We’re living in a time that is very different from the days of Martin Luther King Jr. It’s possible to be legally and constitutionally American without feeling emotionally or culturally bonded to American neighborhoods, institutions or cultural practices. New issues in today’s America are forcing us to reflect on what it means to belong and what it means to exclude or be excluded. What would it mean to read Martin Luther King Jr. in the days of our war on terror? How do we pursue perpetrators of terror without demonizing entire communities or religions?
Last summer, Americans were divided over the issue of whether to allow a Muslim developer to construct an Islamic Center near Ground Zero in New York City. For some, the issue was not one of legal rights but of cultural feelings and community relations. In an August 2010 op-ed column in the New York Times, one writer described two Americas: a legal, constitutional America and a Judeo-Christian, Anglo-Saxon America:
“There’s an America where it doesn’t matter what language you speak, what god you worship, or how deep your New World roots run. An America where allegiance to the Constitution trumps ethnic differences, language barriers and religious divides. An America where the newest arrival to our shores is no less American than the ever-so-great granddaughter of the Pilgrims.
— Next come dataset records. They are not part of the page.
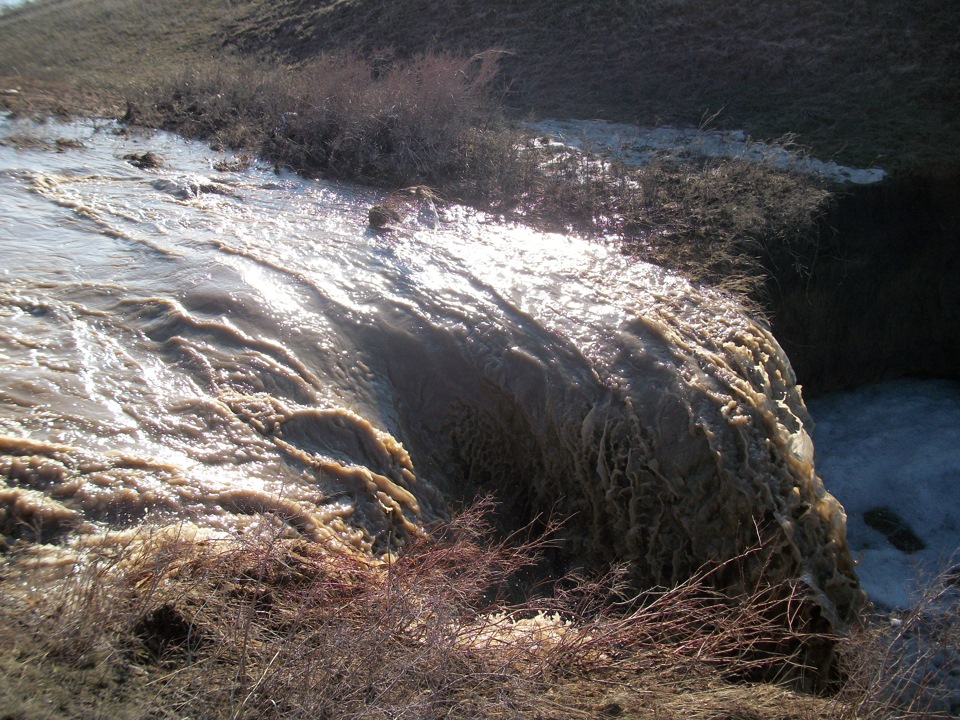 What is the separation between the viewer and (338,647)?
2.67 meters

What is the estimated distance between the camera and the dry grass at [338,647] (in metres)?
2.44

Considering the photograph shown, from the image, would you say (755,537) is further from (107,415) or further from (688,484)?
(107,415)

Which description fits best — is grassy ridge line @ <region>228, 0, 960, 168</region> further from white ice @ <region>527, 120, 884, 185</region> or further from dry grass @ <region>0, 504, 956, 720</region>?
dry grass @ <region>0, 504, 956, 720</region>

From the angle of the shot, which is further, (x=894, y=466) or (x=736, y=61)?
(x=736, y=61)

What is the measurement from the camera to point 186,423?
4.02m

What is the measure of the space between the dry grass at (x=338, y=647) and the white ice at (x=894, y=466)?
2.85 m

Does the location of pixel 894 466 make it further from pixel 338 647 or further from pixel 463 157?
pixel 338 647

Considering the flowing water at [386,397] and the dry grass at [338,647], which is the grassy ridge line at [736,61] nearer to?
the flowing water at [386,397]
“But there’s another America as well, one that understands itself as a distinctive culture, rather than just a set of political propositions. This America speaks English, not Spanish or Chinese or Arabic. It looks back to a particular religious heritage: Protestantism originally, and then a Judeo-Christian consensus that accommodated Jews and Catholics as well. It draws its social norms from the mores of the Anglo-Saxon diaspora — and it expects new arrivals to assimilate themselves to these norms, and quickly.
“These two understandings of America, one constitutional and one cultural, have been in tension throughout our history.”4
As I read this column, I experienced conflicting feelings. On the one hand, I was entirely sympathetic with the fact that American people are not merely legal entities but are emotional, cultural and relational beings as well. Constructing anything in proximity to Ground Zero requires not only legal clearance but should entail relational and emotional clearance as well.
On the other hand, I found myself deeply troubled by the juxtaposition of Judeo-Christian and Anglo-Saxon. Not only are there important empirical problems with this assertion — the face of Christianity is becoming increasingly if not predominantly non-Anglo — but it also raises theological red flags. Jesus Christ is no one’s tribal god. He is the Lord of the universe. He signs on to no one’s formula of “family, faith and flag” if it encodes a vision of racial and cultural imperialism and exclusion.
In sum, the legacy of Dr. Martin Luther King Jr. and his campaigns of civil disobedience are like a two-edged sword. On the one hand, his legacy holds social structures accountable to a moral universe, pressing them to serve all people, not simply members of one race or class. His legacy also pushes us toward a more capacious and inviting notion of what it means to be American.
The other edge of his sword, however, applies to angry, wounded people. His message holds angry people accountable to the same moral universe. It calls on them to deal with anger constructively and redemptively, not through unkind, extreme, or destructive behavior. Dr. King held America accountable to its best self by drawing our attention to a larger vision in which all of us participate constructively. Will we take hold of that vision?
1 King, “Letter from Birmingham Prison.”
3 Karuna Mantena, “Alibis of Empire” (Princeton, 2010)
4 Ross Douthat, “Islam in Two Americas,” New York Times, August 15, 2010.